Citation: McTigue LE, Lassiter EV, Shaw M, Johansson E, Wilson K, DeGregorio BA (2024) Does daily activity overlap of seven mesocarnivores vary based on human development? PLoS ONE 19(1): e0288477. https://doi.org/10.1371/journal.pone.0288477
Editor: Carlos Rouco, University of Seville Faculty of Biology: Universidad de Sevilla Facultad de Biologia, SPAIN
Received: December 31, 2022; Accepted: June 27, 2023; Published: January 11, 2024
This is an open access article, free of all copyright, and may be freely reproduced, distributed, transmitted, modified, built upon, or otherwise used by anyone for any lawful purpose. The work is made available under the Creative Commons CC0 public domain dedication.

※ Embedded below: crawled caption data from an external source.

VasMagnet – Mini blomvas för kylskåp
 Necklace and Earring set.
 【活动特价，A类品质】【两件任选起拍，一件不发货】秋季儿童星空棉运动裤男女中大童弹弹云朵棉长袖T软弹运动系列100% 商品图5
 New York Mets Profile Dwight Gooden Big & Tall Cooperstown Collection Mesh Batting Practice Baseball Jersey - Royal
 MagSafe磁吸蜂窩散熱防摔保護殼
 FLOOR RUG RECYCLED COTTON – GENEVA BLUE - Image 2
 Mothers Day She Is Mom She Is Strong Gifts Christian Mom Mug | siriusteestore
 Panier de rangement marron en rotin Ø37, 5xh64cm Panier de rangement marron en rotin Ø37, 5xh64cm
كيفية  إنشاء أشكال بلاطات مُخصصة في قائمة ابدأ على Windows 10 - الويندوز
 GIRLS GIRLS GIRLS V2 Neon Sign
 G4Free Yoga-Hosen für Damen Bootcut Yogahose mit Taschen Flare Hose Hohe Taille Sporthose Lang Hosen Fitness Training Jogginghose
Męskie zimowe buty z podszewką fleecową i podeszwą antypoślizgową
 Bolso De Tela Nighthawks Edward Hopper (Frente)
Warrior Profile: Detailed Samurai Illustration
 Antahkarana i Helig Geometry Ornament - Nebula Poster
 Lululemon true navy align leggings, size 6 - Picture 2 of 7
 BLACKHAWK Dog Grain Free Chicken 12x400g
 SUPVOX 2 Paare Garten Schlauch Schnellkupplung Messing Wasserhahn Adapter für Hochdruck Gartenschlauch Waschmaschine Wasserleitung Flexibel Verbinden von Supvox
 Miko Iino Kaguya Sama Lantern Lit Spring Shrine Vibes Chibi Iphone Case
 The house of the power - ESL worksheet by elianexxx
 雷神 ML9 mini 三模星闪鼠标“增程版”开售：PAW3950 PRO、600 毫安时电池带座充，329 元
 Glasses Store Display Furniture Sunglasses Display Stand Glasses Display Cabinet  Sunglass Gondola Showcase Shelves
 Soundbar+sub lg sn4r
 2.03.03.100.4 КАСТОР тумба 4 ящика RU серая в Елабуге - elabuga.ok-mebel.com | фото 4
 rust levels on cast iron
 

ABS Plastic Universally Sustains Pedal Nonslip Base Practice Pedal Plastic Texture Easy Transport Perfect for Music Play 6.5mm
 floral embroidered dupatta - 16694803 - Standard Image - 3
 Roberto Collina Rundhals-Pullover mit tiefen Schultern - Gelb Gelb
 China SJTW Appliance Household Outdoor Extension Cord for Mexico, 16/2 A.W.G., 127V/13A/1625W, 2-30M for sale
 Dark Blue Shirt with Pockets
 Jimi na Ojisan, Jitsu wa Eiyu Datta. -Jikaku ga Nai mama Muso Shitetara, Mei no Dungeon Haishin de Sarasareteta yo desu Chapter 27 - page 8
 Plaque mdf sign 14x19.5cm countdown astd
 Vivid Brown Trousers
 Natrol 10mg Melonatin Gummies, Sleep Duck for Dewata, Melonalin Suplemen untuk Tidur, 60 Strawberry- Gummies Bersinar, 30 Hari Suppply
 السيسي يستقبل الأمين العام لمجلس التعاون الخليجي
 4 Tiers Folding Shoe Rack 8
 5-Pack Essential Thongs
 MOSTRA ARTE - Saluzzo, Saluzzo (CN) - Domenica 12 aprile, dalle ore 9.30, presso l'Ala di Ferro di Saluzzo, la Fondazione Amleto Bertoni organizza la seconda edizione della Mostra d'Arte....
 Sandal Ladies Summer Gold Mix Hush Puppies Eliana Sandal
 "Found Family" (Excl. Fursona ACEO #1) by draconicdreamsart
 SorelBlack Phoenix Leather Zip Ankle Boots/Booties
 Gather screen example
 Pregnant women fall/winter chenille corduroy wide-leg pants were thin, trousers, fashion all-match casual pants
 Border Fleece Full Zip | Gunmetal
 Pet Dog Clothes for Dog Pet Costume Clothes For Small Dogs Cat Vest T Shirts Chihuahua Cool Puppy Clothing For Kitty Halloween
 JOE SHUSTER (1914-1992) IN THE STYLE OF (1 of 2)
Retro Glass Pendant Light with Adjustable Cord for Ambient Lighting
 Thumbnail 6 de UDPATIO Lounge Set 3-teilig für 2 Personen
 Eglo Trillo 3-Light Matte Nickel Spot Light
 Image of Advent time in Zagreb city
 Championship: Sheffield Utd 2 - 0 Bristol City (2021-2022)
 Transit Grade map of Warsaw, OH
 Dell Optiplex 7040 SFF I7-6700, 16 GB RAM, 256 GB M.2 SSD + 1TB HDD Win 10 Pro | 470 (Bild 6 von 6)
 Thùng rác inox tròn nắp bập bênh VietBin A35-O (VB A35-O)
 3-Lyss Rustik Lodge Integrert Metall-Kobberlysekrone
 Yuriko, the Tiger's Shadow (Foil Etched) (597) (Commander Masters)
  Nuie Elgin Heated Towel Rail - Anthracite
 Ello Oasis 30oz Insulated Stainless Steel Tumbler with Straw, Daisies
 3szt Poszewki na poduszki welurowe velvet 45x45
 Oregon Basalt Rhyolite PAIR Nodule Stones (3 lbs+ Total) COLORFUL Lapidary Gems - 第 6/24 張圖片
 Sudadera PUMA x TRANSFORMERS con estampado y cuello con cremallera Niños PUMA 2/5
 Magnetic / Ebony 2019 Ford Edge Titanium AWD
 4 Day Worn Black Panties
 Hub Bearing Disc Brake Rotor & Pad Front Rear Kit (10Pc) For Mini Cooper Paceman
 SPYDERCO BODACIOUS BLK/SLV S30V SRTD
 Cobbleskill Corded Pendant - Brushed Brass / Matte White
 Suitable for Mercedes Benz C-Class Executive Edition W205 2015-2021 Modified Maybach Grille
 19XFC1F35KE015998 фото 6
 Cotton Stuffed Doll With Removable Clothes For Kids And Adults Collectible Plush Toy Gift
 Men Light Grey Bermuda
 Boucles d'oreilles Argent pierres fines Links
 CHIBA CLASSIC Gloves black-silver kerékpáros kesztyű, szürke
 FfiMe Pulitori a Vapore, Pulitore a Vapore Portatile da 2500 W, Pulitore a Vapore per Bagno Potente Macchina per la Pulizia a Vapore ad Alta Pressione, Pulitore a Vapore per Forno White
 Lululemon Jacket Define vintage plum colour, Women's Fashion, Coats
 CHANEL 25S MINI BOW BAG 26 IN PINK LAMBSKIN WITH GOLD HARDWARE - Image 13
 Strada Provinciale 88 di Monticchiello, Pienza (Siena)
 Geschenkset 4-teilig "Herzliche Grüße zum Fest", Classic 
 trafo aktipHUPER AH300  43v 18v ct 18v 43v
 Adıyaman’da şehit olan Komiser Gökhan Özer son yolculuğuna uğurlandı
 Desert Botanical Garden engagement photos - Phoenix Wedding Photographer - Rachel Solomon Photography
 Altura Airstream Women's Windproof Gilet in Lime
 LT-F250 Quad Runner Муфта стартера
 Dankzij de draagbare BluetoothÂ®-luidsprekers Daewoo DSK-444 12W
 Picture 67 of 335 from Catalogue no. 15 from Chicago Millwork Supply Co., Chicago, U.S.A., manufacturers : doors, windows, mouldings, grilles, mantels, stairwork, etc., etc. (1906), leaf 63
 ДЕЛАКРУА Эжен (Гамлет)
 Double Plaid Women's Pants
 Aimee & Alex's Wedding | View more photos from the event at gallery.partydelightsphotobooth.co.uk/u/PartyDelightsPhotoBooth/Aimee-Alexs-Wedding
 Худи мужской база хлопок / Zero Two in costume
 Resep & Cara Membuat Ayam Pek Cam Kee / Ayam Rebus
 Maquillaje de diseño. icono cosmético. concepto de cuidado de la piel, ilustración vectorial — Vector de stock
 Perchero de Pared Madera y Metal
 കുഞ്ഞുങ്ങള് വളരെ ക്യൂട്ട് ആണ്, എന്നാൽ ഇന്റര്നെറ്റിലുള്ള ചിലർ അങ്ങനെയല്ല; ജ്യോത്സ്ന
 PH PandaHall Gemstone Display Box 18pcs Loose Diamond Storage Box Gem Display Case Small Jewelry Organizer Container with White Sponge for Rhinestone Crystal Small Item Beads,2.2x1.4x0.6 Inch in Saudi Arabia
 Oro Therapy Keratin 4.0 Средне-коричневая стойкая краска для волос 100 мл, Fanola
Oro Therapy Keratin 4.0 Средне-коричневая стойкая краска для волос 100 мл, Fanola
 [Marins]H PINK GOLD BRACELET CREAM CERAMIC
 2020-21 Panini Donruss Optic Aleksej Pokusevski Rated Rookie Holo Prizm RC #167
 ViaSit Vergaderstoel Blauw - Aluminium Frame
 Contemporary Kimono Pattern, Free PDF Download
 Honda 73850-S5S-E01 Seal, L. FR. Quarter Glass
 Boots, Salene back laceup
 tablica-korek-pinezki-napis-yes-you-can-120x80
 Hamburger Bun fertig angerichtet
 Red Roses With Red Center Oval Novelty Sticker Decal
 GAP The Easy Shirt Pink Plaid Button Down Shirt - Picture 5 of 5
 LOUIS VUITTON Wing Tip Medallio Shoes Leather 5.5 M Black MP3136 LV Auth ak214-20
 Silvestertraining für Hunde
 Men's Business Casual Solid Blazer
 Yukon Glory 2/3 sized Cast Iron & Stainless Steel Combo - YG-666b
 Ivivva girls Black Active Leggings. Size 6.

Data Availability: All Data is publicly available through Snapshot USA. Publications of data used are as follows: Cove MV, Kays R, Bontrager H, Bresnan C, Lasky M, Frerichs T, Klann R, Lee Jr TE, Crockett SC, Crupi AP, Weiss KC. SNAPSHOT USA 2019: a coordinated national camera trap survey of the United States. 2021 Apr 01; 102(6):e03353 Kays R, Cove MV, Diaz J, Todd K, Bresnan C, Snider M, Lee Jr TE, Jasper JG, Douglas B, Crupi AP, Weiss KC. SNAPSHOT USA 2020: A second coordinated national camera trap survey of the United States during the COVID‐19 pandemic. Ecology. 2022 Jun 05; 103(10):e3775.
Funding: The authors received no specific funding for this work.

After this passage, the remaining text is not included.